What to produce:
The result should be the listing below, restated exactly, with its pictures left out.
= = = =
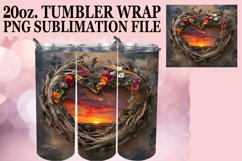 Heartfelt Hues: 20oz Heart Frame Sublimation Product Image 1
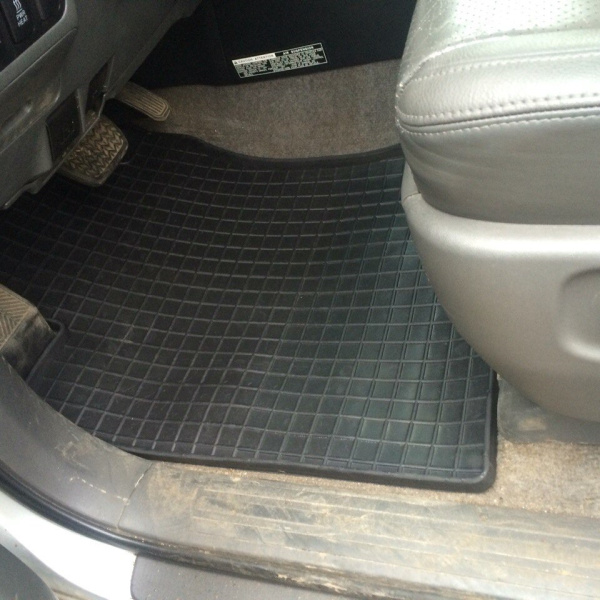 Lexus GX470 (02-09) резиновые коврики, дизайн "Сетка"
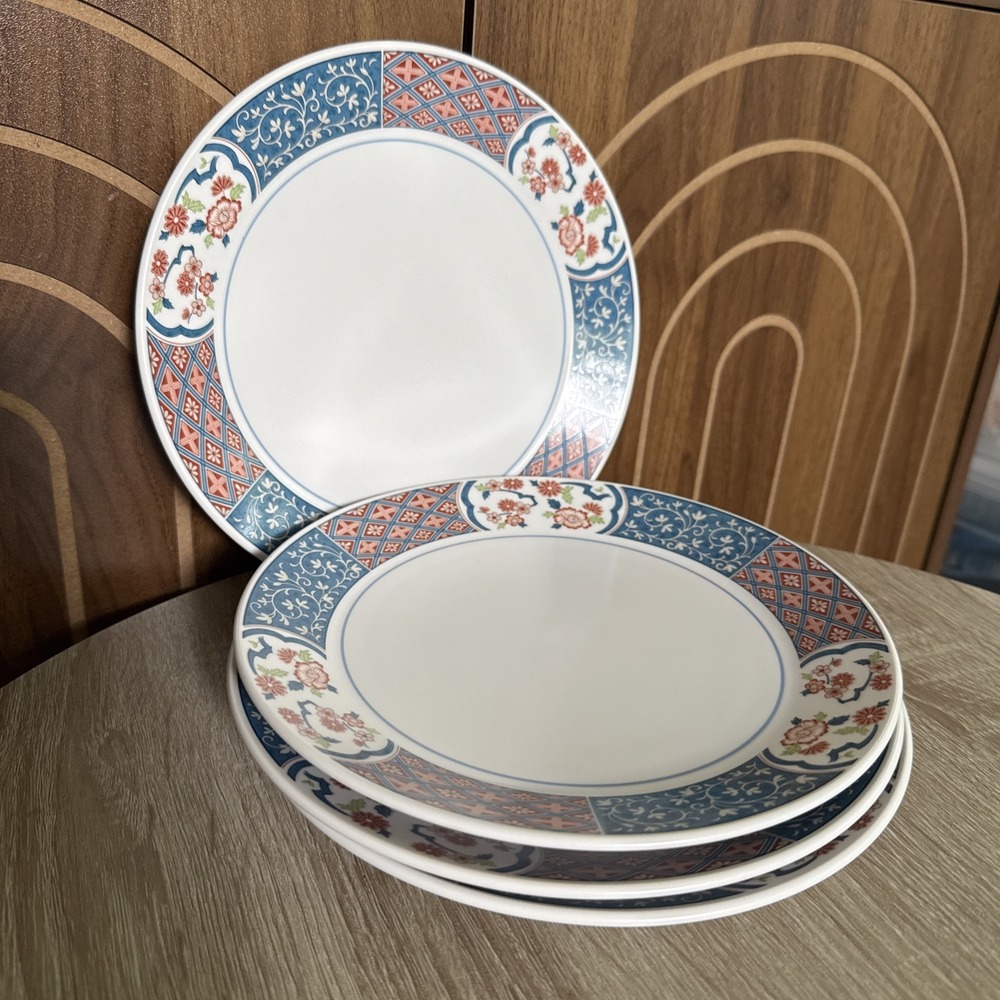 Set of 4 NORITAKE MING GARDEN Salad Plates 8 3/8"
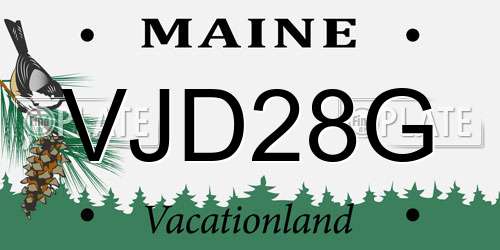 VJD28G Maine License Plate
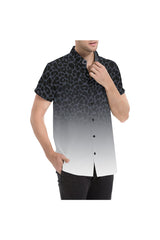 Leopard Ombre Men's Short Sleeve Shirt - Objet D'Art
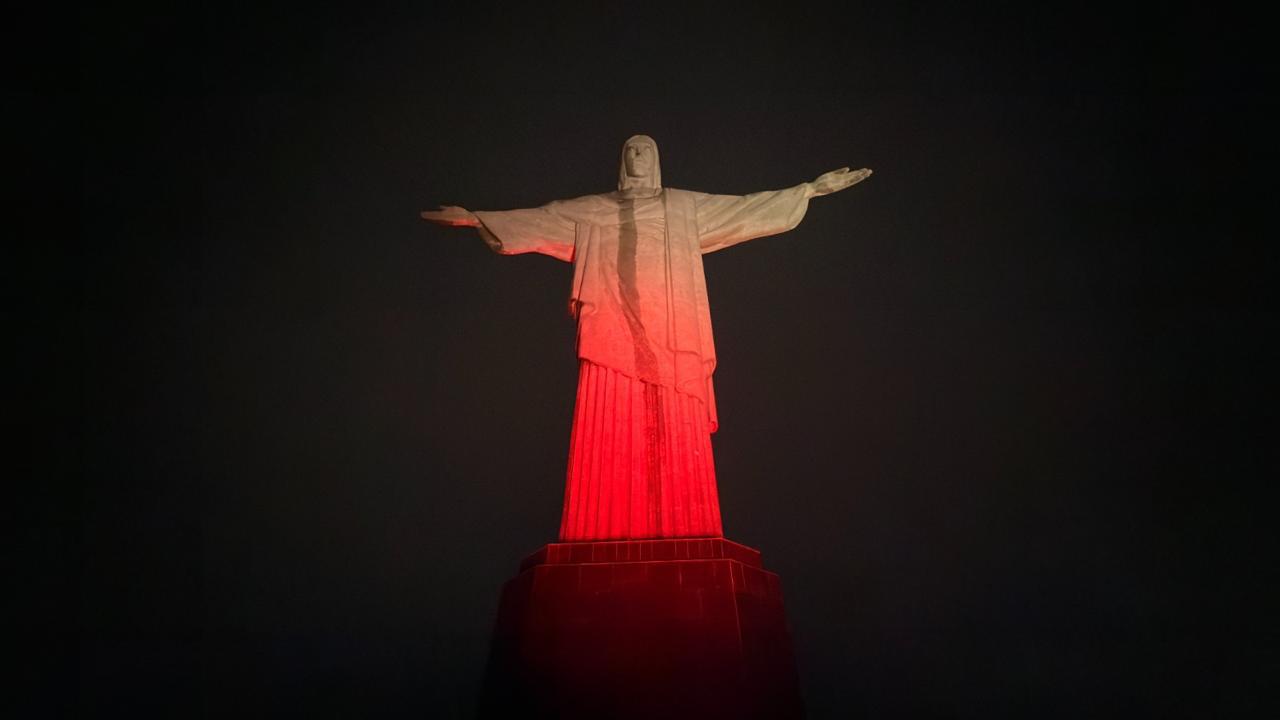 Iluminação Vermelho e Branco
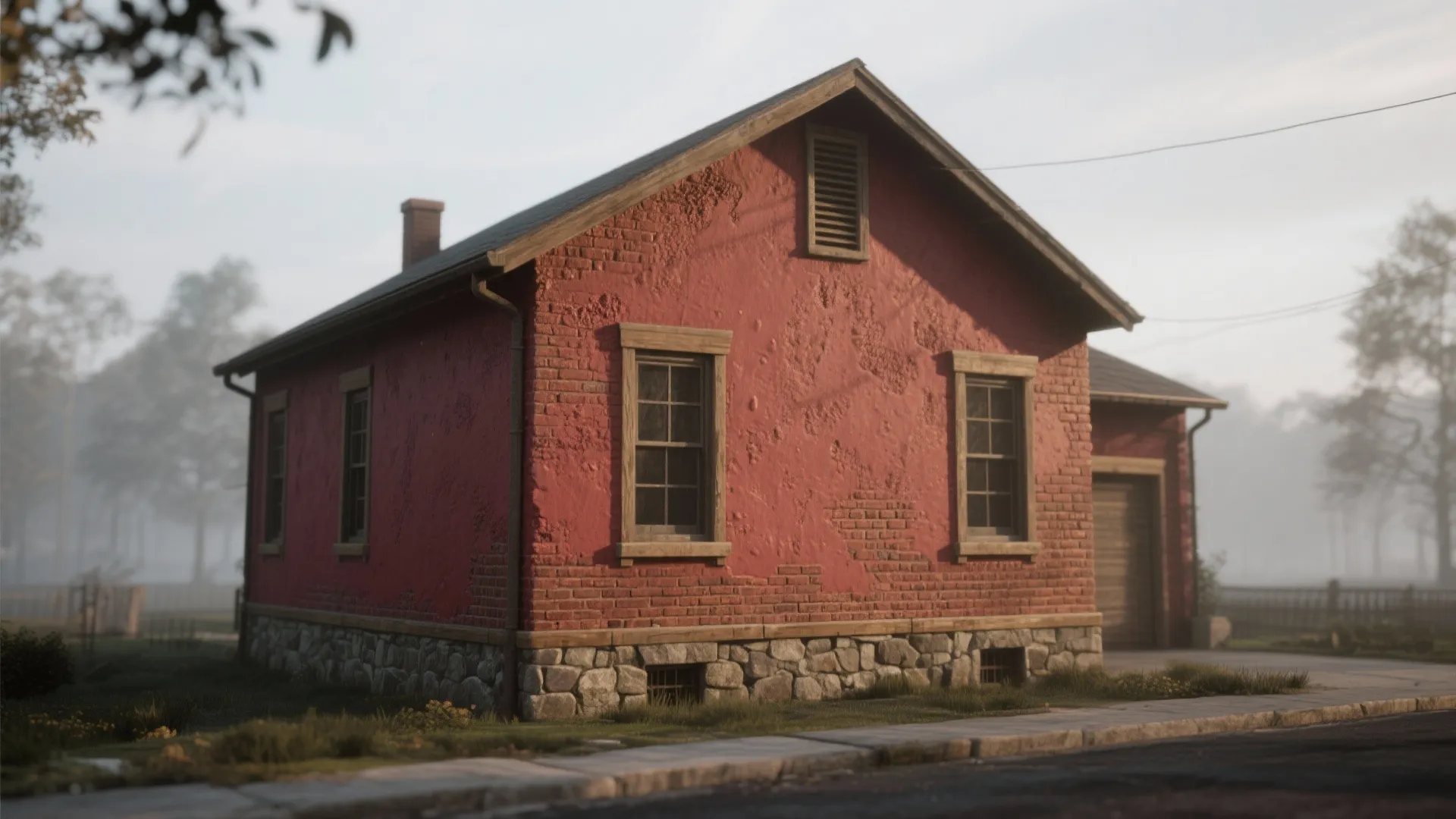 2. Deep Brick Red for Exterior Texture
= = = =
Finished task:
 Heartfelt Hues: 20oz Heart Frame Sublimation Product Image 1
 Lexus GX470 (02-09) резиновые коврики, дизайн "Сетка"
 Set of 4 NORITAKE MING GARDEN Salad Plates 8 3/8"
 VJD28G Maine License Plate
 Leopard Ombre Men's Short Sleeve Shirt - Objet D'Art
 Iluminação Vermelho e Branco
 2. Deep Brick Red for Exterior Texture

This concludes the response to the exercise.